• YOUR GOAL:
Retype each entry. Leave every word as it is.
[[ DATA FOR THIS EXERCISE open ]]
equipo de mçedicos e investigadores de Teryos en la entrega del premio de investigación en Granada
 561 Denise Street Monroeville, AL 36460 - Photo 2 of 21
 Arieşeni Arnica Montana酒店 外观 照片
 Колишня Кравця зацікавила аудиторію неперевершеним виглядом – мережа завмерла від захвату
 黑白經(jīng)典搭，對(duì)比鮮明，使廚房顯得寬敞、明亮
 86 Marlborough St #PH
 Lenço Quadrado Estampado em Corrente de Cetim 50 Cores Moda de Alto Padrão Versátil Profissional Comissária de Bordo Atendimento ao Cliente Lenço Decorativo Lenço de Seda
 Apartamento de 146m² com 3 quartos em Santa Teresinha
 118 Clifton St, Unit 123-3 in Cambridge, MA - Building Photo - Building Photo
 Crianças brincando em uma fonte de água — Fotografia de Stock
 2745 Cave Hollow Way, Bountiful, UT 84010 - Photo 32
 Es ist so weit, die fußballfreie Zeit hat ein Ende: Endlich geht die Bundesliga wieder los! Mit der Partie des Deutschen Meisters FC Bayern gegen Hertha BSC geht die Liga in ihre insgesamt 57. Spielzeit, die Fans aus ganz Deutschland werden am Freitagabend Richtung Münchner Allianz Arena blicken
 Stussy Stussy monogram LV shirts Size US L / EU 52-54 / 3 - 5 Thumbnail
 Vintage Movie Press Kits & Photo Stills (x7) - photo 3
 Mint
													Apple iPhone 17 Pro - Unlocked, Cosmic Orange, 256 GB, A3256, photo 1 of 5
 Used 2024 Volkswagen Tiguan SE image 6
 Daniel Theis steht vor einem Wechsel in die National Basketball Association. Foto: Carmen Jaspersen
[[ DATA FOR THIS EXERCISE closed ]]
• OUTPUT FOR THIS EXERCISE:
equipo de mçedicos e investigadores de Teryos en la entrega del premio de investigación en Granada
 561 Denise Street Monroeville, AL 36460 - Photo 2 of 21
 Arieşeni Arnica Montana酒店 外观 照片
 Колишня Кравця зацікавила аудиторію неперевершеним виглядом – мережа завмерла від захвату
 黑白經(jīng)典搭，對(duì)比鮮明，使廚房顯得寬敞、明亮
 86 Marlborough St #PH
 Lenço Quadrado Estampado em Corrente de Cetim 50 Cores Moda de Alto Padrão Versátil Profissional Comissária de Bordo Atendimento ao Cliente Lenço Decorativo Lenço de Seda
 Apartamento de 146m² com 3 quartos em Santa Teresinha
 118 Clifton St, Unit 123-3 in Cambridge, MA - Building Photo - Building Photo
 Crianças brincando em uma fonte de água — Fotografia de Stock
 2745 Cave Hollow Way, Bountiful, UT 84010 - Photo 32
 Es ist so weit, die fußballfreie Zeit hat ein Ende: Endlich geht die Bundesliga wieder los! Mit der Partie des Deutschen Meisters FC Bayern gegen Hertha BSC geht die Liga in ihre insgesamt 57. Spielzeit, die Fans aus ganz Deutschland werden am Freitagabend Richtung Münchner Allianz Arena blicken
 Stussy Stussy monogram LV shirts Size US L / EU 52-54 / 3 - 5 Thumbnail
 Vintage Movie Press Kits & Photo Stills (x7) - photo 3
 Mint
													Apple iPhone 17 Pro - Unlocked, Cosmic Orange, 256 GB, A3256, photo 1 of 5
 Used 2024 Volkswagen Tiguan SE image 6
 Daniel Theis steht vor einem Wechsel in die National Basketball Association. Foto: Carmen Jaspersen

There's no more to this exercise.